La mise en place de l’interdiction de la burqa prend du retard. La ministre de la Justice Karin Keller-Sutter l’a admis lundi à l’heure des questions au Conseil national, de manière détournée. Elle ne pourra pas respecter le délai de mise en œuvre. Ce dernier se termine en février 2023, deux ans après l’acceptation de l’initiative populaire.

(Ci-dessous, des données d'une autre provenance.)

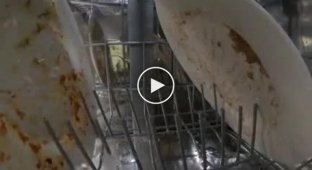 Dishwasher operation from the inside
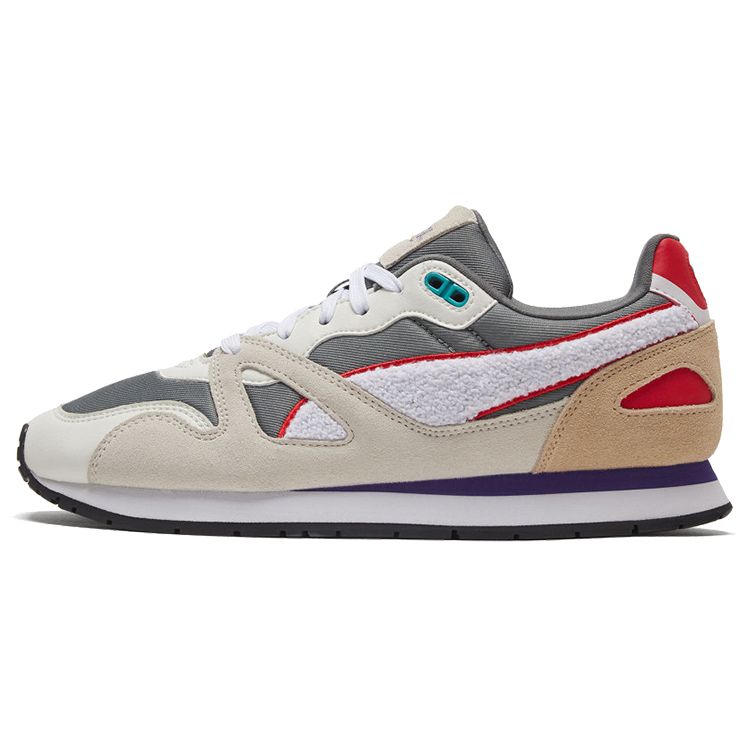 

Puma Mirage Fabric Круглый носок Шнуровка Амортизирующие Прочные Легкие Низкие Повседневные Кроссовки Женские серый 373931-02 35.5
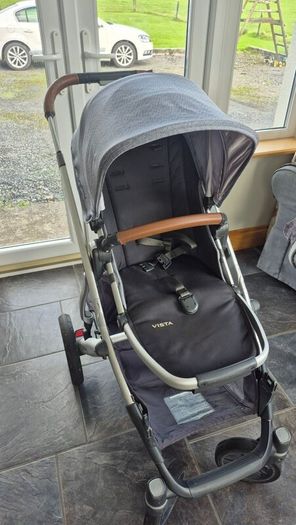 Uppababy vista travel system, highchair, carrier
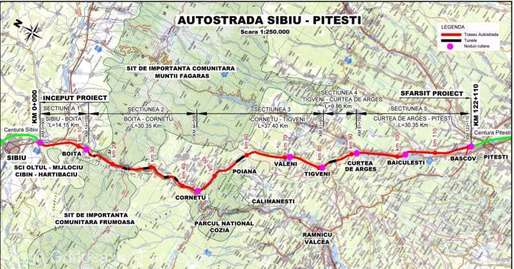 CNAIR a desemnat câștigătorul pentru proiectarea și execuția secțiunii 2 din autostrada Sibiu - Pitești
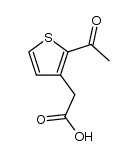 2-acetyl-3-thienylacetic acid结构式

C’est également ce qu’exige désormais la Constitution.
Le 7 mars 2021, les électeurs avaient décidé avec une faible majorité de 51,2% l’interdiction pour toute personne de se voiler le visage dans les lieux publics. L’article constitutionnel prévoit toutefois des exceptions.

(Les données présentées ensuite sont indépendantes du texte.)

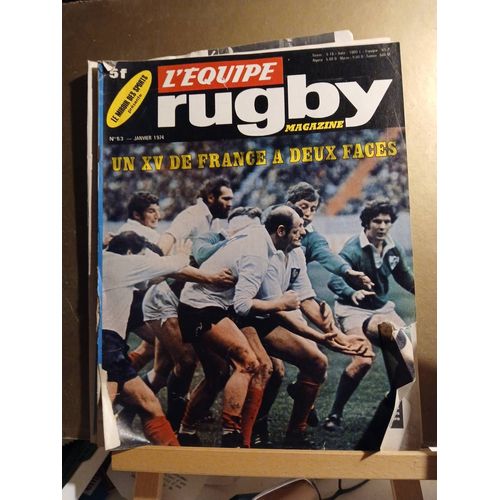 L'Equipe Magazine Rugby N°53 01/1974 Un Xv A Deux Faces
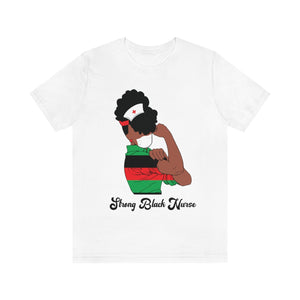 Strong Black Nurse Unisex T-shirt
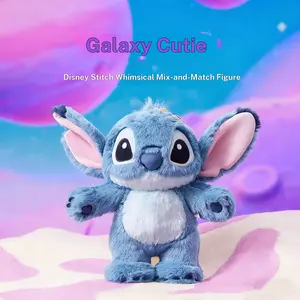 Disney Stitch, Fun, and Customizable Figurine,Stitch Weird & Fun Custom Pose Plush Doll With Built In Skeleton DIY Movable Actions,Holiday & Holiday Haul plushie idooodle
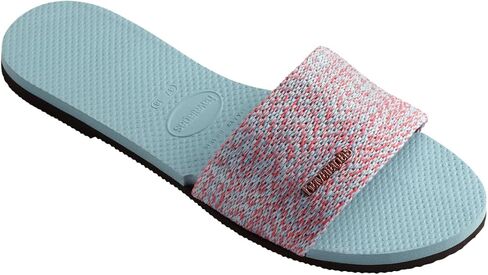 Havaianas Women You Malta Sandals - Woven Strap Sandals - Blue Water, 11/12W - 9/10M in Saudi Arabia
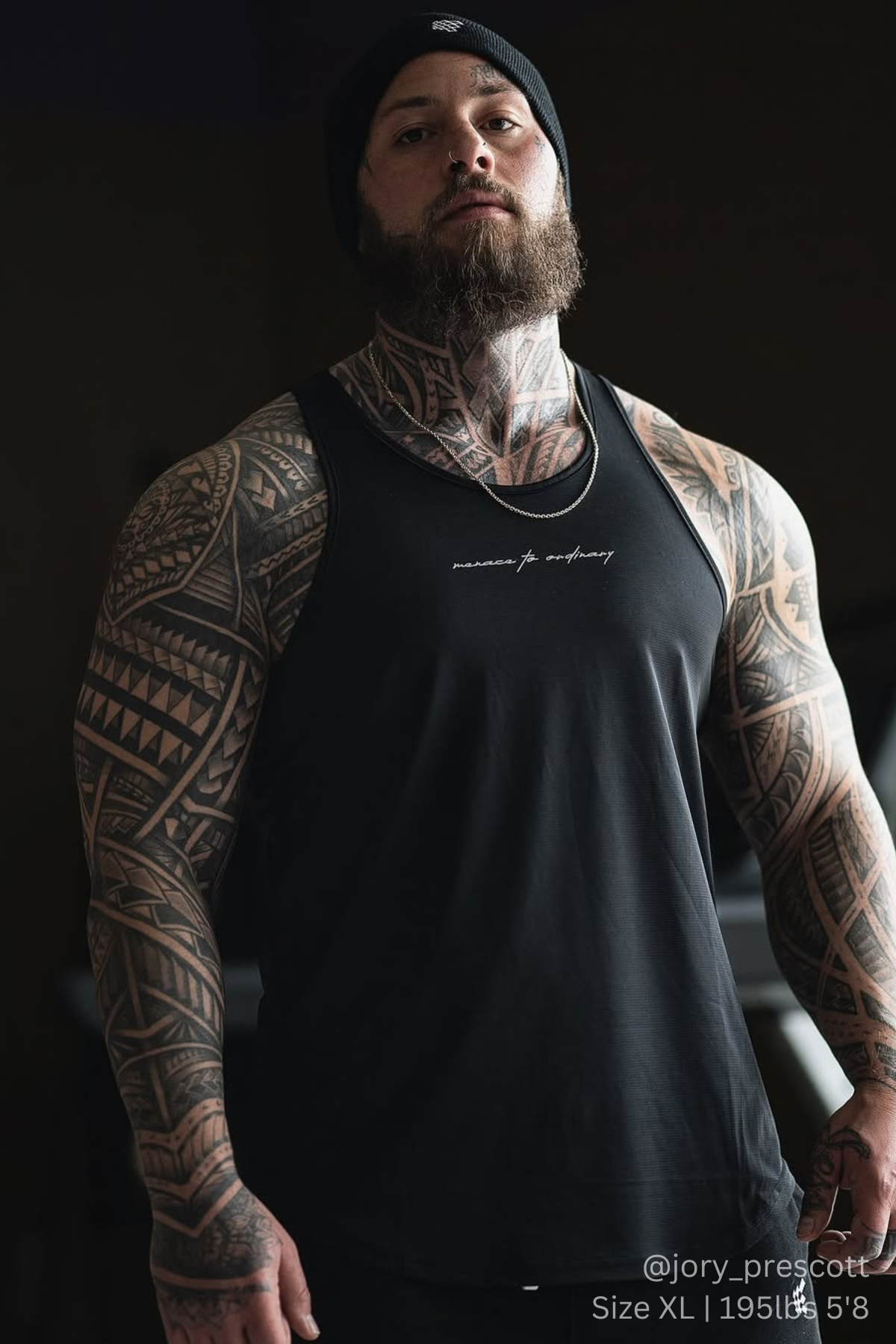 Jed North Dynamic Bodybuilding Stringer - Black - DealByEthan.gay loves Jed North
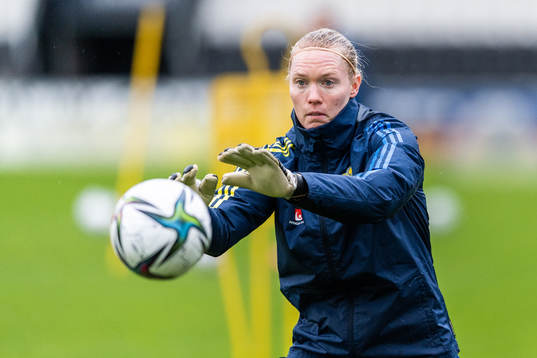 Goalkeeper Hedvig Lindahl of the Swedish women's national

Qui décide des cas particuliers?
L’établissement de ces exceptions est cruciale. Sans ces dernières, de nombreuses pratiques seraient menacées d’interdiction: costume de Carnaval, masques chirurgicaux… Qui doit établir ces dérogations?
Comme souvent en Suisse, les cantons et la Confédération se sont renvoyé la balle. Après la votation, Kari Keller-Sutter n’a rien voulu savoir d’une réglementation fédérale et a rejeté la responsabilité sur les cantons.
Esquive des cantons
Sauf que les cantons ne se sont pas vraiment montrés enthousiastes. Le père de l’initiative, le conseiller national UDC Walter Wobmann, n’avait pas caché son exaspération: «Ce serait une nouveauté que la compétence revienne uniquement aux cantons. Ce n’est pas possible, s’était-il énervé à l’époque dans un entretien accordé à Blick. Dans ce cas, nous n’aurions même pas eu besoin de passer par une initiative!»

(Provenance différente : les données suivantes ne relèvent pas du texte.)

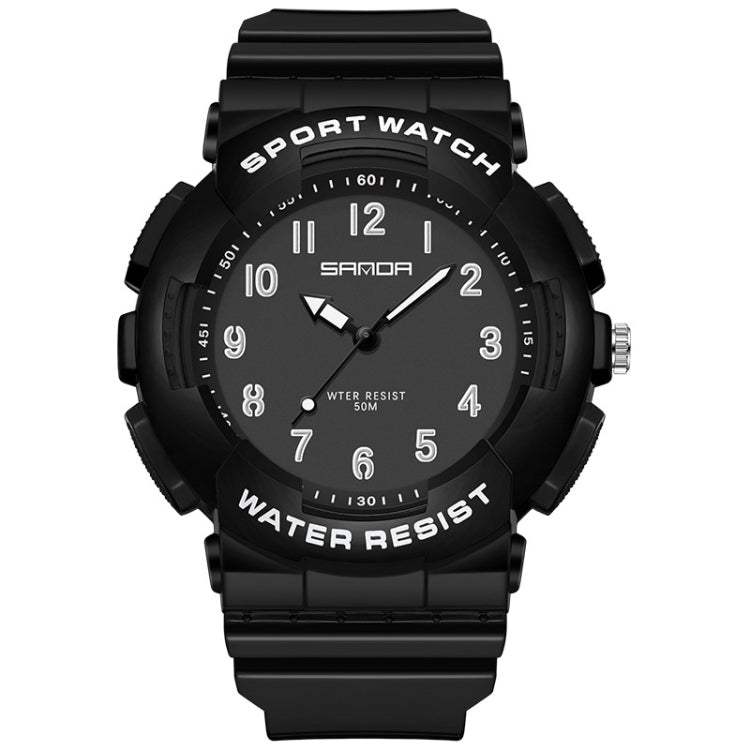 SANDA Small Fresh Digital All-match Waterproof Luminous Student Watch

Comme les cantons ne voulaient pas s’attaquer à la mise en œuvre de cette nouvelle restriction, Karin Keller-Sutter a fini par devoir s’en emparer. En octobre dernier, la ministre de la Justice a envoyé un projet en consultation. L’interdiction de se dissimuler le visage ainsi que les exceptions devaient être réglées dans le Code pénal.
Des exceptions pas si rares
Le projet prévoit une amende pour les personnes qui se voilent dans des lieux accessibles au public. Mais la liste des exceptions est longue. L’interdiction ne doit pas s’appliquer:
- Lorsqu’il s’agit de questions de santé (comme le cas des masques utilisés pour contrer la propagation du Covid-19).
- Lorsqu’il s’agit de conditions climatiques (masque de ski).
- Lorsqu’il s’agit de questions de sécurité (casque de moto).
- Dans le cas de coutumes locales (masque de carnaval).
- Dans les églises et autres lieux de culte.
- Pour l’expression d’opinions et la liberté de réunion (manifestations), «dans la mesure où l’ordre et la sécurité publics ne sont pas compromis».
- Pour les représentations artistiques et de divertissement.
- Pour les représentations à des fins publicitaires.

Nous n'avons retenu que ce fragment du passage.